Reciprocity marketing is a sales strategy in which something free is offered in the hopes of creating a reciprocal obligation. It’s harder to say no to someone after they’ve offered you something first.

See when something is a genuine offer and when it is reciprocity marketing.

How Does Reciprocity in Business Work?

The Reciprocity Principle tells us to repay others when they do something for us. This fixed-action pattern of behavior is so deeply ingrained that we hardly think about it, yet we practice it all the time. When a friend treats you to lunch, you make sure you pick up the check the next time you go out; when your neighbors invite you to a party, you invite them the next time you’re hosting an event. 

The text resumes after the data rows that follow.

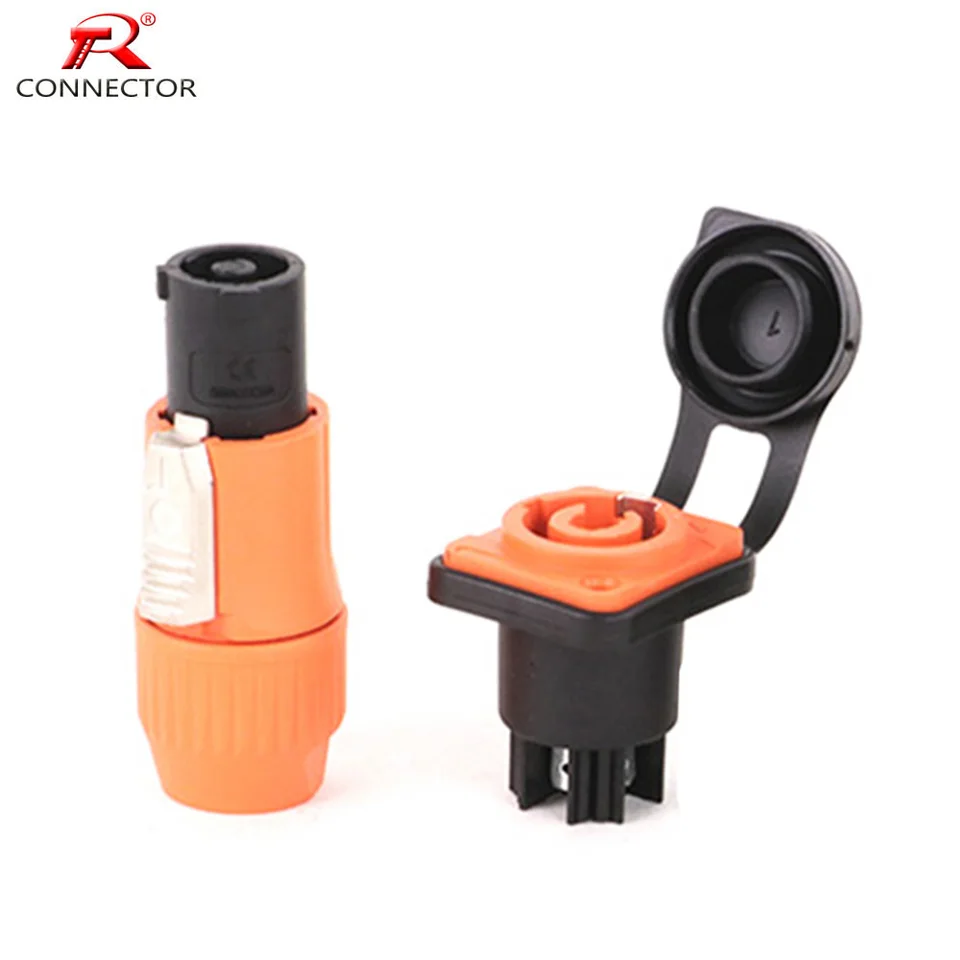 2pcs/1set nepremokavý konektor PowerCon 20A 250V 3 kolíky, NAC3FCA a NAC3MPA-1, výkonná zástrčka+napájanie konektora ženského podvozku zásuvky podvozku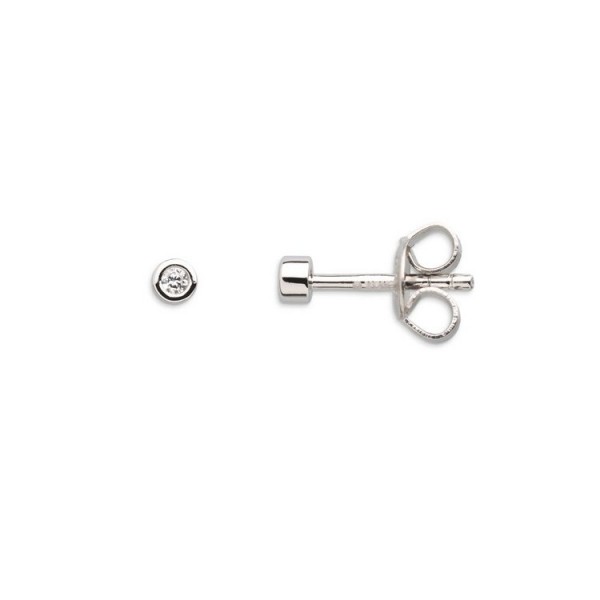 Xenox Ohrstecker - Silber - Silver Circle - Zarge / XS3513N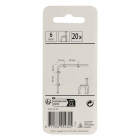 Q-link Kabelclip | Q-link | 6 mm (20 stuks, Rond, Wit) 54.213.10 K090200074 - 5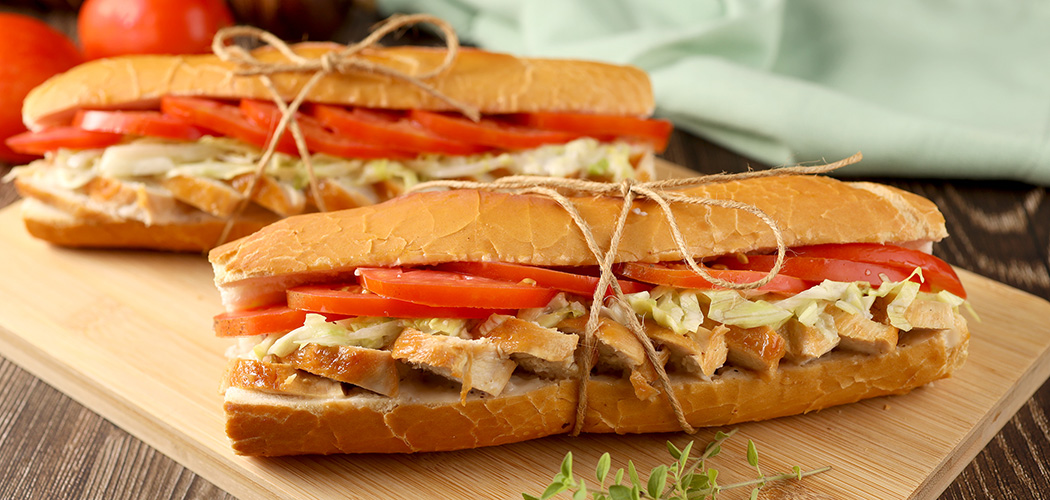 Caesar Salad na Baguete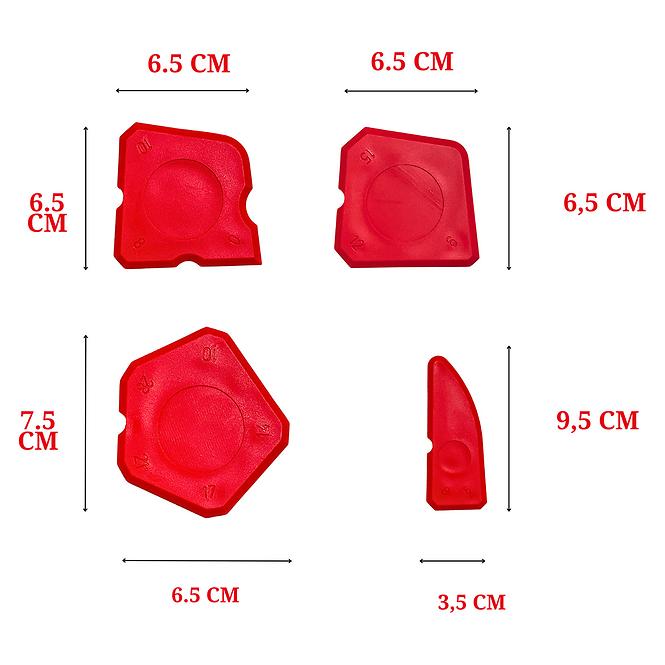 Szilikon spatula készlet 4 db,2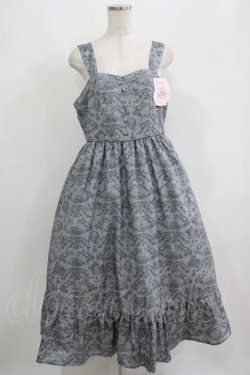 画像1: m petit by misako / NINA’Sコラボジャンパースカート LL グレー H-25-06-12-1021-LO-OP-NS-ZH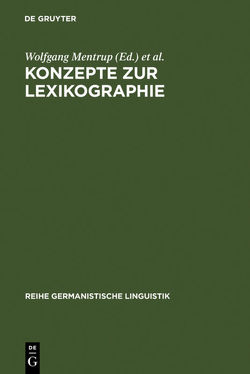 Konzepte zur Lexikographie von Lexikographisches Colloquium 3,  1981,  Mannheim, Mentrup,  Wolfgang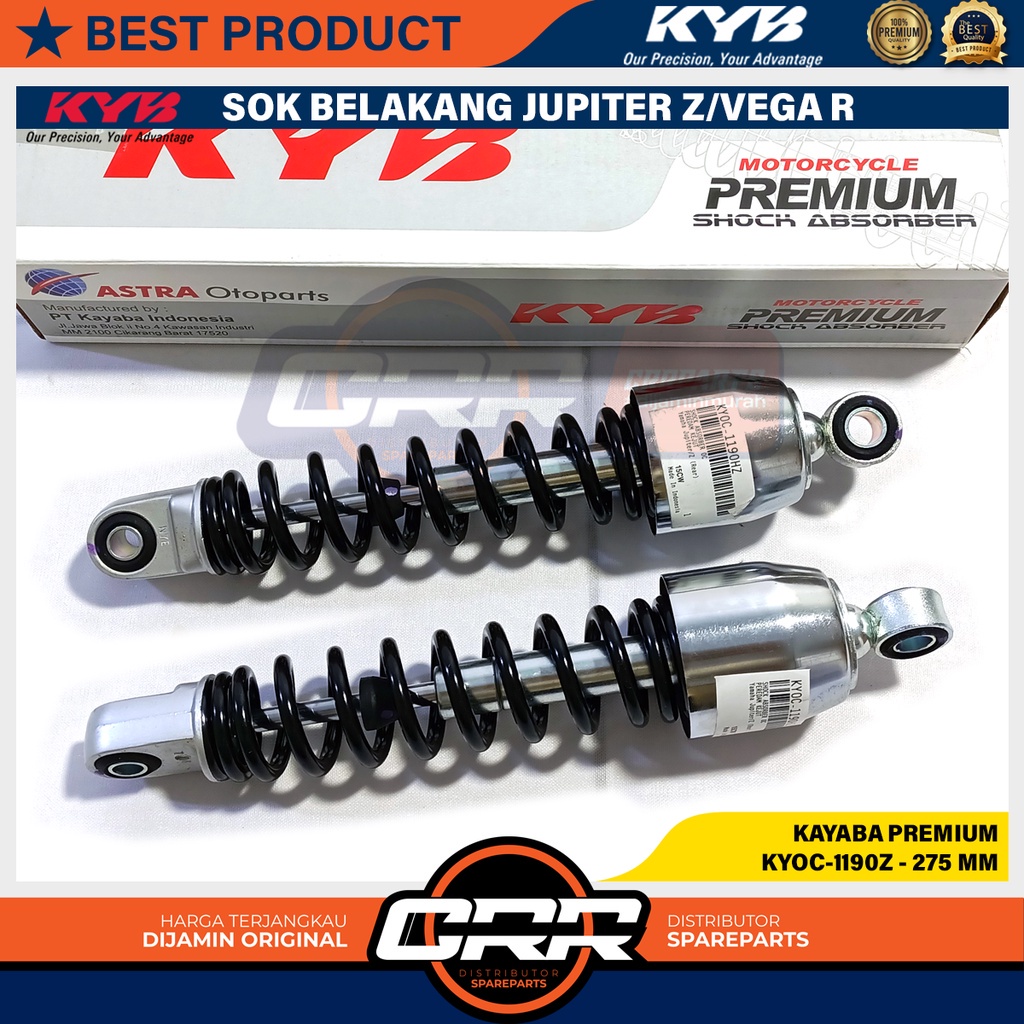 Sok Belakang Kayaba Jupiter Z Vega R ZR Z1 Z Robot Z Burhan F1ZR Force 1 Ukuran 275/280 MM Tipe Prem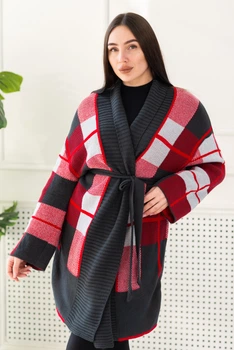 Fashions • Кардиган жіночий Ніколь Fashions 44-54 червоний (4227/а-гу)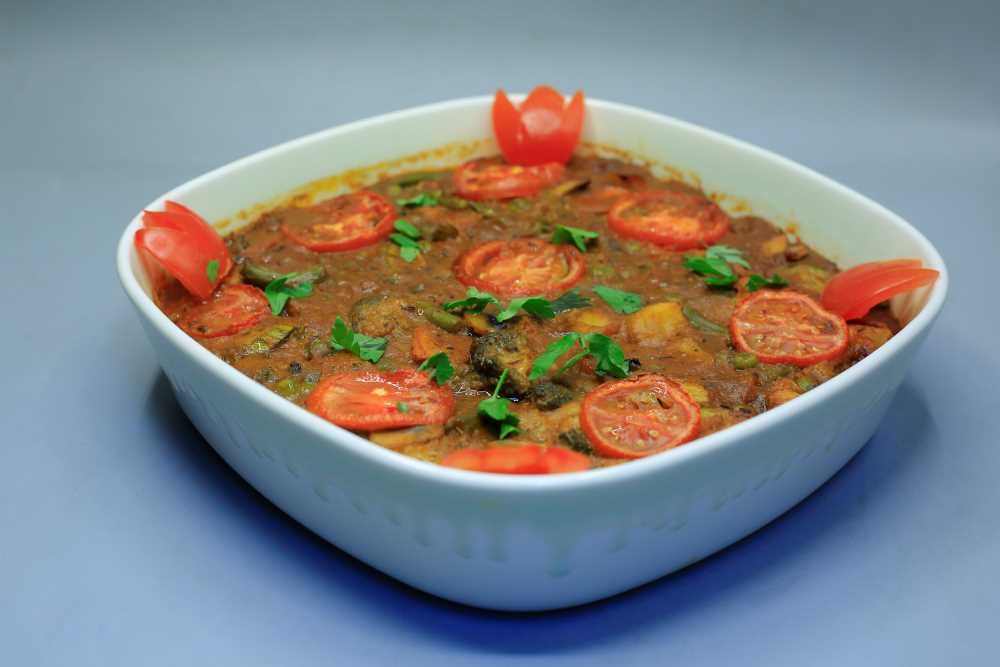 طاجن تورلي بالدجاج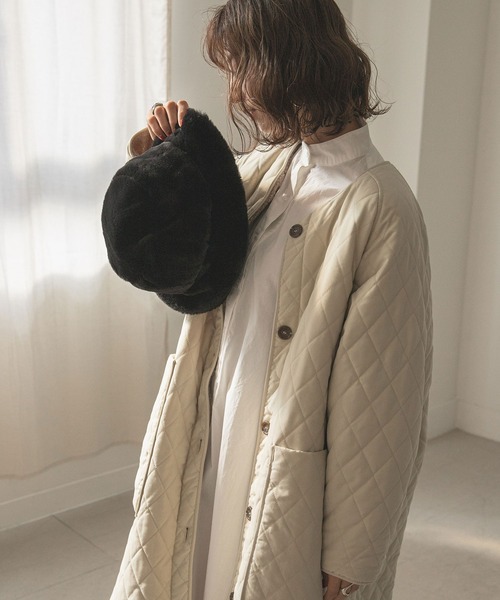 rectangle（レクタングル）の「ファーバケットハット（ハット・レディース・ブラック/ベージュ/アイボリー/ブラウン系・FREE）」の6枚目の写真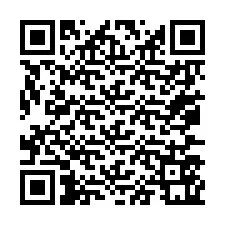 QR код за телефонен номер +67077561229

That the phrase “much obliged” is a synonym for “thank you” is a powerful encapsulation of the Reciprocity Principle: we naturally feel obliged, indebted to those who have done something for us. But it can be manipulated through reciprocity marketing.

Unfortunately, the Reciprocity Principle also represents an evolutionary blind spot that compliance practitioners know how to exploit. Reciprocity in business strategies is used to increase sales or retain customers. They know that you’re more likely to feel obliged to them if they offer you some small gift or token gesture of kindness before they make their request.

Resisting Reciprocity Marketing

It’s important to defend yourself against compliance practitioners who employ the techniques we’ve discussed. It’s hard to tell if someone is using reciprocity to exploit you or if they’re genuinely offering you something with no expectation of anything in return. Accepting an invitation to a party and then inviting that person to your own party isn’t being exploited by the Reciprocity Principle: that’s exactly how networks of obligation are supposed to work. There are plenty of people in our lives who simply wish to do acts of kindness for us.

Clearly then, you can’t just refuse gifts and offers of help from everyone. If you did that, you’d end up being pretty unhappy and socially isolated: as we’ve discussed, reciprocity is the glue that holds so much of society together. It’s more than reciprocity in business arrangements.

The solution is to distinguish between exploiters and benefactors, and to treat the former objectively. Figure out if the person is an exploiter by asking yourself if they stand to gain by your acceptance of their favor. Are they doing something for you just to get something in return later? If so, then it’s reciprocity marketing: you should think of these interactions as a form of social predatory lending.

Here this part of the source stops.